The solubility of TPZ-ASD was evaluated in water and buffer solutions. Flowability was assessed using Carr’s Index and the Hausner ratio (HR), and the results were compared with those of amorphous TPZ (TPZ-Am) and crystalline TPZ (TPZ-Cr). Recrystallization during storage was monitored using differential scanning calorimetry (DSC) and powder X-ray diffraction (PXRD) under both long-term (25 ℃, 60% relative humidity [RH]) and accelerated (40 ℃, 75% RH) conditions. The dissolution profiles of tablets prepared with TPZ-ASD were compared with those of a commercial product.

Results

TPZ-ASD exhibited approximately a 20-fold increase in water solubility compared to TPZ-Cr and showed enhanced solubility across all tested pH conditions. Carr’s Index and HR value indicated that TPZ-ASD had better flowability than both TPZ-Cr and TPZ-Am. Stability analyses using DSC and PXRD revealed no recrystallization for up to 24 months (raw material) and 12 months (tablet) under long-term storage conditions and for 6 months under accelerated conditions, respectively.
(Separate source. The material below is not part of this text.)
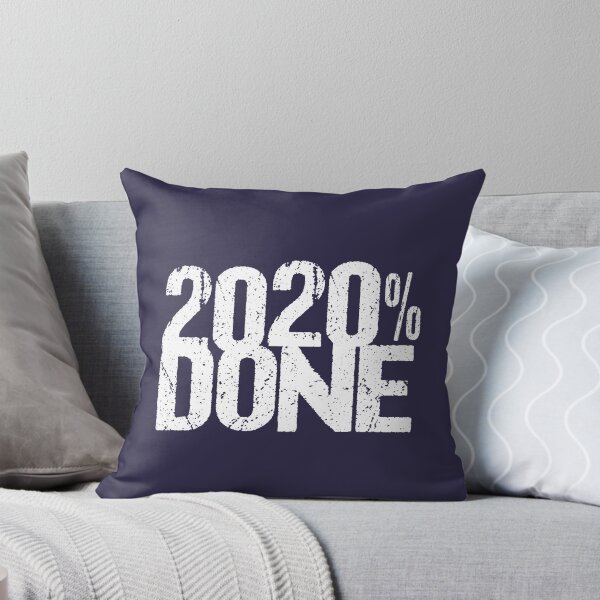 Item preview, Seniors 2020 % Done  designed and sold by RiffXS.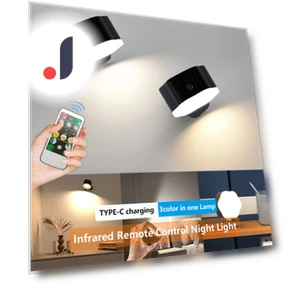 LED Wall Light — Night Lights, Binchi Lighting Appliances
A human pharmacokinetic study demonstrated that the TPZ-ASD tablet was bioequivalent to the commercial product.

Conclusion

The PVP-based solid dispersion effectively inhibited TPZ crystallization over an extended period. Furthermore, the TPZ-ASD formulation proved successfully applicable to the manufacturing process, and the commercial potential of this technology was identified in a Phase 1 clinical pharmacokinetics study.